How all Our Difficulties Came to an End.

 

“What’s the matter!” said the shoemaker.

“Somebody’s there!” he gasped.

“It can’t be,” said a farmer. “Till those boys found the hole, not a being in the world knew of such a way in.”

“Well, come and harken for yourselves,” said the dairyman.

We crept close to the gallery mouth and listened. Peck, peck, peck; scrape, scraper scrape, could be heard distinctly inside.

“Whoever they call themselves, they are at work like the busy bee!” said the farmer.

It was ultimately agreed that some of the party should go softly round into Grim Billy, creep up the ascent within the cave, and peer through the opening that looked down through the roof of the cave before us. By this means they might learn, unobserved, what was going on.

It was no sooner proposed than carried out. The baker and shoemaker were the ones that went round, and, as there was nothing to be seen where the others waited, I thought I would bear them company. To get to Grim Billy, a circuit of considerable extent was necessary; moreover, we had to cross the mill-stream. The mill had been stopped for the night, some time before, and, hence, it was by a pure chance we noticed that the river was gradually draining itself out. The misfortune initiated by Steve was again upon the village.

“I wonder if the miller knows it?” murmured the shoemaker. “If not, we won’t tell him, or he may lose his senses outright.”
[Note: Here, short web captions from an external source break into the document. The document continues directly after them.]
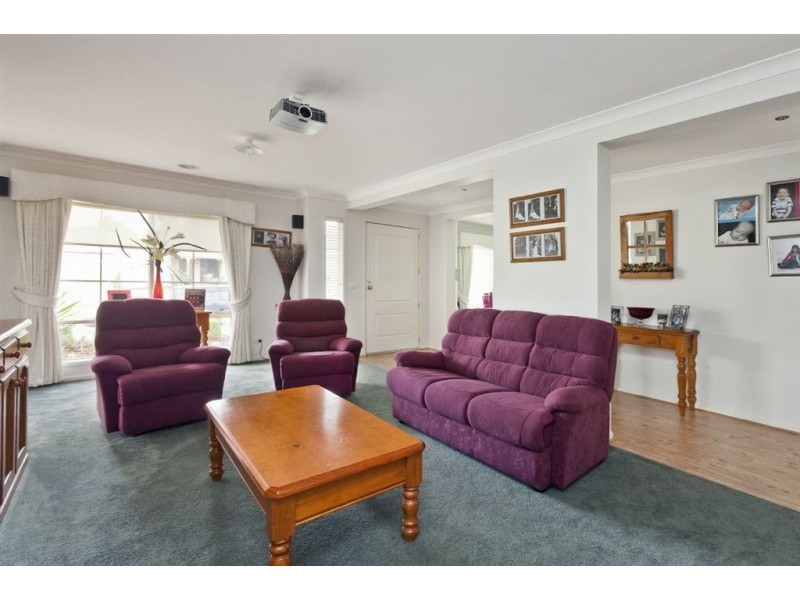 7 St. Maximin Court, Narre Warren South VIC 3805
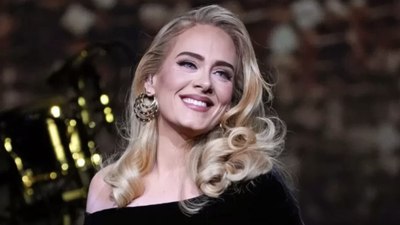 Adele: Nadir görülen su bakterisi yüzünden kısmen sağır kaldım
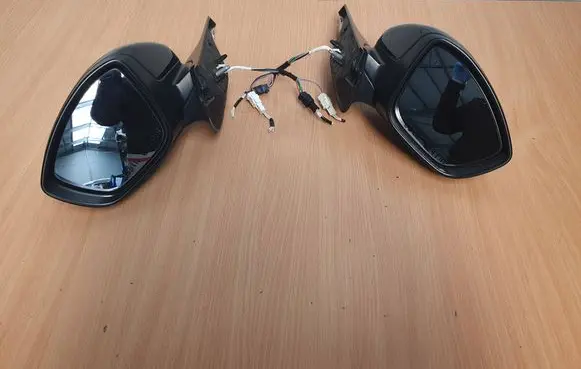 Citroen C3 Front door electric wing mirror 232673101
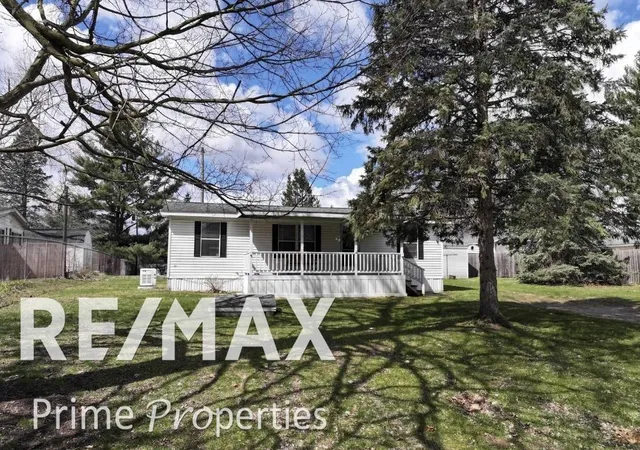 Single family home for sale at 10298 Evelyn Dr, Clio, MI 48420 | MLS# 5050223221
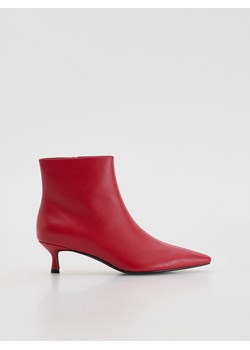 Reserved - Skórzane botki na obcasie - czerwony - id: 001IJ-33X - marki Reserved - 187311932 Reserved - Skórzane botki na obcasie - czerwony ze sklepu Reserved w kategorii Botki - zdjęcie 187311932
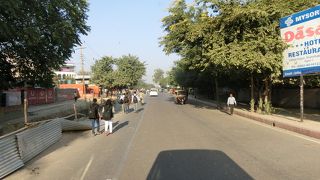 インドの道路には排水溝と歩道がない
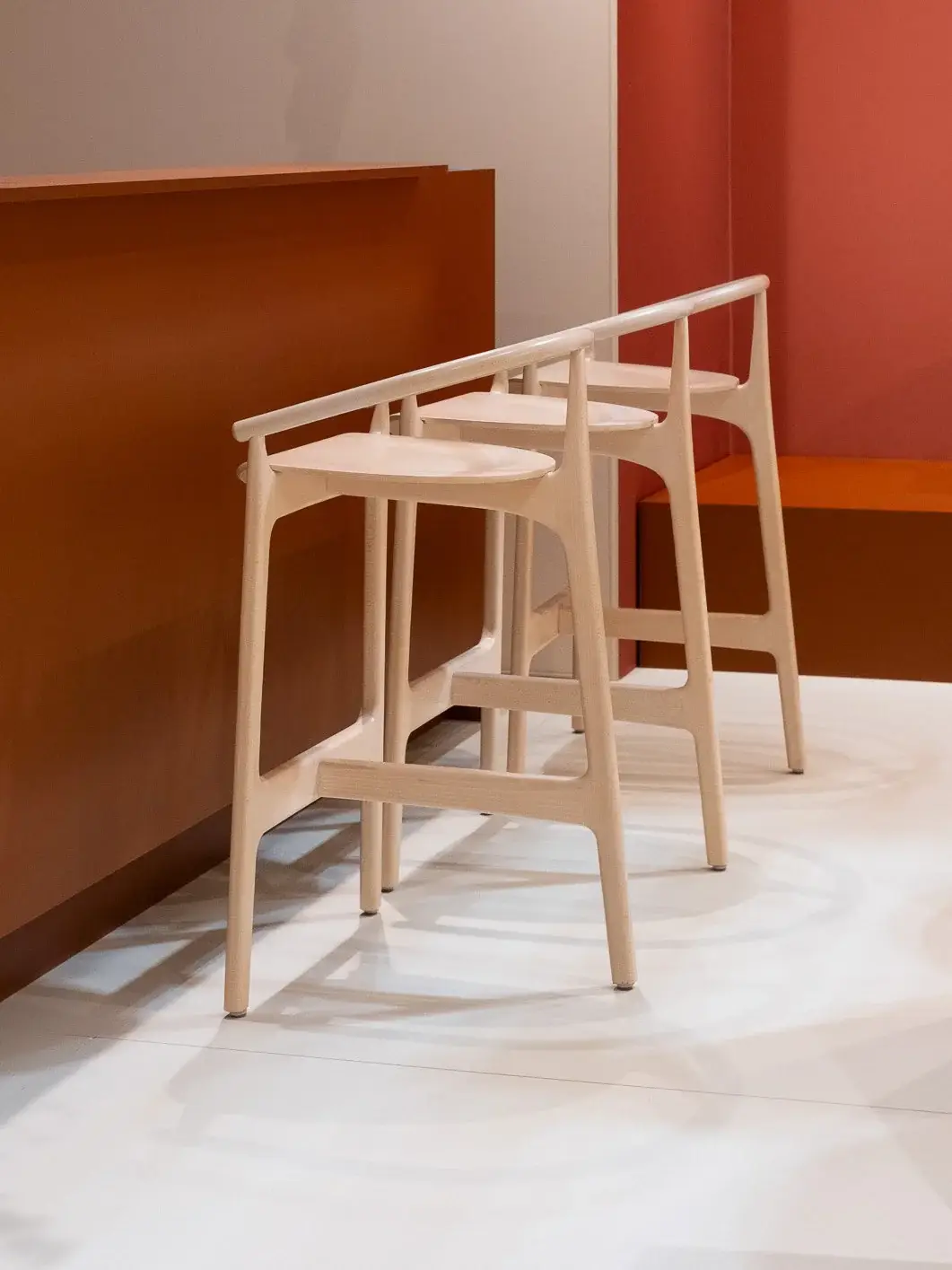 Taburete alto EVO – ambiente [GALLERY-horeca-evo-evo_29-min-1061x1415]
“Then the folks in the cave are enemies!” said the farmer.

“True,” said the baker, “for nobody else can have done this — let’s push on.”

Grim Billy being entered, we crawled on our hands and knees up the slope, which eventually terminated at the hole above Nick’s Pocket — a hole that probably no human being had passed through before we were hoisted up through it on the evening of our marvellous escape.  We were careful to make no noise in ascending, and, at the edge, we gazed cautiously over.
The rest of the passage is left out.